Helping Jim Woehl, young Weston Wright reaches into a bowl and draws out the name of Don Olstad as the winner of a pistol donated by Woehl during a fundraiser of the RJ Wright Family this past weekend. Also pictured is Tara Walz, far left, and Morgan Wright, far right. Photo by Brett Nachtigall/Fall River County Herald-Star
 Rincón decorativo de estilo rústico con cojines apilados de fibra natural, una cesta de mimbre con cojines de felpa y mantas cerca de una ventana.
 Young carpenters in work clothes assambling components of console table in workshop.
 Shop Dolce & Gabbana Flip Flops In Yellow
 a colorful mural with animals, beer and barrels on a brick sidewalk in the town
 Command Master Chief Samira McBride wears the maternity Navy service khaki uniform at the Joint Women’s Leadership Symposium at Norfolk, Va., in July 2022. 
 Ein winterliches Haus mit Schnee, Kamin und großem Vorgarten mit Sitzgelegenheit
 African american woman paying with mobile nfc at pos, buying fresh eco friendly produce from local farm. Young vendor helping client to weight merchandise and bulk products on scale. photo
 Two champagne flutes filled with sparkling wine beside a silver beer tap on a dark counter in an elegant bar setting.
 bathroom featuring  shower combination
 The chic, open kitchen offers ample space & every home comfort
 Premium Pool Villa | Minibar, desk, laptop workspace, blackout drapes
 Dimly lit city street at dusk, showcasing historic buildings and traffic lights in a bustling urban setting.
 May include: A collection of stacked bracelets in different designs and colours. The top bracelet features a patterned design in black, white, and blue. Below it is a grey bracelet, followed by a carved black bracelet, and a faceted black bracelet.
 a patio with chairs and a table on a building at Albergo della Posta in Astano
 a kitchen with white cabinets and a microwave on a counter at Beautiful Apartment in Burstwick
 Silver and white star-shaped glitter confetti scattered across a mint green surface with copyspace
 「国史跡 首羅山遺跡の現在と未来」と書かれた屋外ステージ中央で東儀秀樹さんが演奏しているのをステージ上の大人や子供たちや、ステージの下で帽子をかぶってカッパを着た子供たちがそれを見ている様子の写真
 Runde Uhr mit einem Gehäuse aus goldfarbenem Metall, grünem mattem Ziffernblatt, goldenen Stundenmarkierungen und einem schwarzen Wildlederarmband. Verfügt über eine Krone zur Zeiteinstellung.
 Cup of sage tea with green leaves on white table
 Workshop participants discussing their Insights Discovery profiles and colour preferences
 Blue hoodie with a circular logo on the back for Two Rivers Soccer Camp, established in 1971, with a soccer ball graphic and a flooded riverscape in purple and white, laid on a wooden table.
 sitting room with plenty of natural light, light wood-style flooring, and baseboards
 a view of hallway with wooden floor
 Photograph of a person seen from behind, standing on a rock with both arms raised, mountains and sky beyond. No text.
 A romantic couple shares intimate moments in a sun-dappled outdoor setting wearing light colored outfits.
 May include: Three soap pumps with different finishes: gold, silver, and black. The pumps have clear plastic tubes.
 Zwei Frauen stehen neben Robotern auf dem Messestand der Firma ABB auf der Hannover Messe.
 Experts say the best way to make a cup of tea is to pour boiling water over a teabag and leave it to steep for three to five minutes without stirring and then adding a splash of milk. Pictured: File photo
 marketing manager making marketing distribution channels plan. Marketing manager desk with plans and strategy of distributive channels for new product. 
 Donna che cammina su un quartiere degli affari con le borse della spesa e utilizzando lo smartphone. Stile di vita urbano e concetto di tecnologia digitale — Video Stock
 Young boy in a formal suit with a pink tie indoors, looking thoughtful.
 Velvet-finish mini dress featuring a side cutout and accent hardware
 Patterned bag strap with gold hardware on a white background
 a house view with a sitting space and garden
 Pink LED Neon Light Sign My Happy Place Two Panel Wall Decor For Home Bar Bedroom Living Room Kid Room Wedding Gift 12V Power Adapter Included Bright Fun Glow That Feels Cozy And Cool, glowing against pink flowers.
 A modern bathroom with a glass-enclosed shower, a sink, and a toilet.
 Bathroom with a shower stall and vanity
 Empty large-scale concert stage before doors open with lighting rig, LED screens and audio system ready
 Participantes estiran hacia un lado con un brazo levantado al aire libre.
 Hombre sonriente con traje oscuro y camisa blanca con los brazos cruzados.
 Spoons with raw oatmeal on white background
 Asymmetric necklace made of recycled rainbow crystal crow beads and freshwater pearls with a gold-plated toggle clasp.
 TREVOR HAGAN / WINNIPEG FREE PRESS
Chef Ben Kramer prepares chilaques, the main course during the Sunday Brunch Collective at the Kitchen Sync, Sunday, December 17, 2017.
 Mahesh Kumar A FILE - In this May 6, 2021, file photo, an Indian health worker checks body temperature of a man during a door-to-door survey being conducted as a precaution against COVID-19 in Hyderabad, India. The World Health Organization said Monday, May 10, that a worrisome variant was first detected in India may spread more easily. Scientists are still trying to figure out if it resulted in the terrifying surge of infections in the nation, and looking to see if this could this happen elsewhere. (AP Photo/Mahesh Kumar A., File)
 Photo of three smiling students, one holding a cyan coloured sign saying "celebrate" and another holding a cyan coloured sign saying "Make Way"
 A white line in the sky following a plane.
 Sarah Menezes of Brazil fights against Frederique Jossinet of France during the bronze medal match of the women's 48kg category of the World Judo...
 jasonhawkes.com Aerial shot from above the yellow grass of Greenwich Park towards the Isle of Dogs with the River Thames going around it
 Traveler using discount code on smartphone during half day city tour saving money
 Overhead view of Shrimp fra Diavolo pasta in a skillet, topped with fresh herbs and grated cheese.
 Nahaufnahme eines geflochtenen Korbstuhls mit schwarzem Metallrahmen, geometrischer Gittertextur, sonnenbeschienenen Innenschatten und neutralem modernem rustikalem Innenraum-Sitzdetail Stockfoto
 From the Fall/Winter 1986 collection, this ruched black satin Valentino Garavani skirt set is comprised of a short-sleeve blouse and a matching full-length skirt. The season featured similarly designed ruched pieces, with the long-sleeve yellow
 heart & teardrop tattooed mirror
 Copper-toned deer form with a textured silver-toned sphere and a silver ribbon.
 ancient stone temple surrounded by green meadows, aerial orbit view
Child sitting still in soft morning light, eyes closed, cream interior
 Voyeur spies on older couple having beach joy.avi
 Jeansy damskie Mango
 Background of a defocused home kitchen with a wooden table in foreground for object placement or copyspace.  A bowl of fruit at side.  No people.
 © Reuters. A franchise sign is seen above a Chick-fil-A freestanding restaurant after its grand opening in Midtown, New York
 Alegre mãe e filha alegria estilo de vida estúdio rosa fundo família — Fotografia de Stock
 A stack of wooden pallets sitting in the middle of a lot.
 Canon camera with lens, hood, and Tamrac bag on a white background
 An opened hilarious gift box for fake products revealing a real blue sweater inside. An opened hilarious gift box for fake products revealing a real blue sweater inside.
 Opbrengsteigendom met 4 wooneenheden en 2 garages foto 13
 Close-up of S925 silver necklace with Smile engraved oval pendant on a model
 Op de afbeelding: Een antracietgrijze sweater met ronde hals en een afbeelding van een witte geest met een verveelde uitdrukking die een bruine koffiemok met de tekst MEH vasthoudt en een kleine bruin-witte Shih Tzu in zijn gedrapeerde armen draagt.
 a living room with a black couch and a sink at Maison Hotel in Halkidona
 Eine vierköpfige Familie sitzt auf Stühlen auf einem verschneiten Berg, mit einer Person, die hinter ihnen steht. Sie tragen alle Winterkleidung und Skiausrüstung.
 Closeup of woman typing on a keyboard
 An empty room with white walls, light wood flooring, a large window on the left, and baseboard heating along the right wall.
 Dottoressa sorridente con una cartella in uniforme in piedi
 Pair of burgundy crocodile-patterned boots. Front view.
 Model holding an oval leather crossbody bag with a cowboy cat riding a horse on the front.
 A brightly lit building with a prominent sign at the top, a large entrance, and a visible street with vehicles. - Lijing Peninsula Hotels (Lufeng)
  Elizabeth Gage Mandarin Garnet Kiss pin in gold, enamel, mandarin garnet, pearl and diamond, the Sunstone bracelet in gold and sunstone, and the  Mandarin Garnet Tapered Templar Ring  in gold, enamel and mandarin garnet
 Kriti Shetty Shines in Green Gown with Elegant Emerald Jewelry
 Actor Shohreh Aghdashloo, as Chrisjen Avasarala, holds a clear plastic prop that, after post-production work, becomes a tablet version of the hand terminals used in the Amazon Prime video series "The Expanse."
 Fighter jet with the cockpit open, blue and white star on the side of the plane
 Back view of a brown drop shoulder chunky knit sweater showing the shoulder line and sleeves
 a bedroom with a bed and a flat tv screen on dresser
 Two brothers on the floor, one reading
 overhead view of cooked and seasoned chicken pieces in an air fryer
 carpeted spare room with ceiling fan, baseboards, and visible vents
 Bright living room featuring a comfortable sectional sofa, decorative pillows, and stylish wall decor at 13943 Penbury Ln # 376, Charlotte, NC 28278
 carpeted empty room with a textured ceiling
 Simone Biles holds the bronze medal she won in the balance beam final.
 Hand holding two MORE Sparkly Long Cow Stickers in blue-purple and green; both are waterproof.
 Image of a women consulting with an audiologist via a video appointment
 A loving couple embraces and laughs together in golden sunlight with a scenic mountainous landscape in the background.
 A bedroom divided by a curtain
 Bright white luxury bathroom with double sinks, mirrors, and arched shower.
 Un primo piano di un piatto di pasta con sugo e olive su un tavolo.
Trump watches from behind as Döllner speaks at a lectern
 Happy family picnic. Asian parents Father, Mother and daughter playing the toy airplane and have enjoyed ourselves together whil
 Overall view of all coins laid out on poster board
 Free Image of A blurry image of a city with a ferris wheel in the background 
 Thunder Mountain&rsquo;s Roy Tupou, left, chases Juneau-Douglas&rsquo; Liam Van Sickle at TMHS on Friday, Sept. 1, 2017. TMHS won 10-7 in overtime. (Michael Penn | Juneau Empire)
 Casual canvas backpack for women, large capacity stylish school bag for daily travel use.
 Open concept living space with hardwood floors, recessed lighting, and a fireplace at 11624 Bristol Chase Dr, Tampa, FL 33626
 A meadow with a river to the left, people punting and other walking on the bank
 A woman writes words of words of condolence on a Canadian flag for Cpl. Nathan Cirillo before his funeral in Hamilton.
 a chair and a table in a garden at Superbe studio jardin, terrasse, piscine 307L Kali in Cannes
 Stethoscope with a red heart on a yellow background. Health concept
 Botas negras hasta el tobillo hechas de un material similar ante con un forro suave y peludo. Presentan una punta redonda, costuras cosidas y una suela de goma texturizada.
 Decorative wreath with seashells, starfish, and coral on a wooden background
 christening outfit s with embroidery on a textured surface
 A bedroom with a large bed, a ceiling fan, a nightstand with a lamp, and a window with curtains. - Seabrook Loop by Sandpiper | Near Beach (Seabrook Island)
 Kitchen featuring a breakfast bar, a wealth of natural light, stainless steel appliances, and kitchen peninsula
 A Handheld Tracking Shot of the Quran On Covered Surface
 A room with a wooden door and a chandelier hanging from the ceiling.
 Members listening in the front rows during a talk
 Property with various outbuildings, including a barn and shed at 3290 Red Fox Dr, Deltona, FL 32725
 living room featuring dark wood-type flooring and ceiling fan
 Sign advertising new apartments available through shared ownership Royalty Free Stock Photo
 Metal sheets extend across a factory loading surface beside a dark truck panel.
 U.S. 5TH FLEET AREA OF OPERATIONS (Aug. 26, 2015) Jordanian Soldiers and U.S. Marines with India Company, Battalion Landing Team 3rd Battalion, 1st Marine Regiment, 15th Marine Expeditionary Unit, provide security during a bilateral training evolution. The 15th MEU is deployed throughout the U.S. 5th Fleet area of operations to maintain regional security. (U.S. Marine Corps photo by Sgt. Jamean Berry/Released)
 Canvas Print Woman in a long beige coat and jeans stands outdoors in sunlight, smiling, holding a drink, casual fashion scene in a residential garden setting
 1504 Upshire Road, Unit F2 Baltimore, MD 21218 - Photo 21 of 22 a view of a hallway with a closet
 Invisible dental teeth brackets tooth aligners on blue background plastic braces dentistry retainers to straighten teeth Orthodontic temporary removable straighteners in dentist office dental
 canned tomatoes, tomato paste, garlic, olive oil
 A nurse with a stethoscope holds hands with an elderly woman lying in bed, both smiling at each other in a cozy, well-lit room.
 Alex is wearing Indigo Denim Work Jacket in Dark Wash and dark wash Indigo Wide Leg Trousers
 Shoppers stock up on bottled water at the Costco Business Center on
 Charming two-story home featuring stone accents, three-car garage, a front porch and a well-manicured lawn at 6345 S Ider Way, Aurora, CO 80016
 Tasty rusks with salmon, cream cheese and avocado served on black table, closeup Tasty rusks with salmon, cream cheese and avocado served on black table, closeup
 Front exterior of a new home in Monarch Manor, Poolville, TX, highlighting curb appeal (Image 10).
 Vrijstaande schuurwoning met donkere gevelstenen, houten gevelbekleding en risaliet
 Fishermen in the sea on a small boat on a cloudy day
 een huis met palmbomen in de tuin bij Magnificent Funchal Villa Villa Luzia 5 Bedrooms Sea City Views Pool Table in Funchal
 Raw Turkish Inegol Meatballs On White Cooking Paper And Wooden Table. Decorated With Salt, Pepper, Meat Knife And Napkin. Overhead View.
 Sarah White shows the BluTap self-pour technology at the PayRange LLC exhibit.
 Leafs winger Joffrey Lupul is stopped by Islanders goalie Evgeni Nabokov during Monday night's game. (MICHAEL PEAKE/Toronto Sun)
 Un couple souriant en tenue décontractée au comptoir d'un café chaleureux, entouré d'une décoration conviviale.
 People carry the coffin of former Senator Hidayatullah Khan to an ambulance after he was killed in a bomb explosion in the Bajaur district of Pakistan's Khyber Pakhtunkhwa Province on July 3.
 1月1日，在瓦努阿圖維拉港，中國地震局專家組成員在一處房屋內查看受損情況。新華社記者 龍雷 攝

EXERCISE AIM: The listing above holds a line with "U.S. 5TH FLEET AREA OF OPERATIONS (Aug." and a line with "Invisible dental teeth". Print the stretch from the first through the second, exactly and alone.

PROBLEM SOLUTION:
 U.S. 5TH FLEET AREA OF OPERATIONS (Aug. 26, 2015) Jordanian Soldiers and U.S. Marines with India Company, Battalion Landing Team 3rd Battalion, 1st Marine Regiment, 15th Marine Expeditionary Unit, provide security during a bilateral training evolution. The 15th MEU is deployed throughout the U.S. 5th Fleet area of operations to maintain regional security. (U.S. Marine Corps photo by Sgt. Jamean Berry/Released)
 Canvas Print Woman in a long beige coat and jeans stands outdoors in sunlight, smiling, holding a drink, casual fashion scene in a residential garden setting
 1504 Upshire Road, Unit F2 Baltimore, MD 21218 - Photo 21 of 22 a view of a hallway with a closet
 Invisible dental teeth brackets tooth aligners on blue background plastic braces dentistry retainers to straighten teeth Orthodontic temporary removable straighteners in dentist office dental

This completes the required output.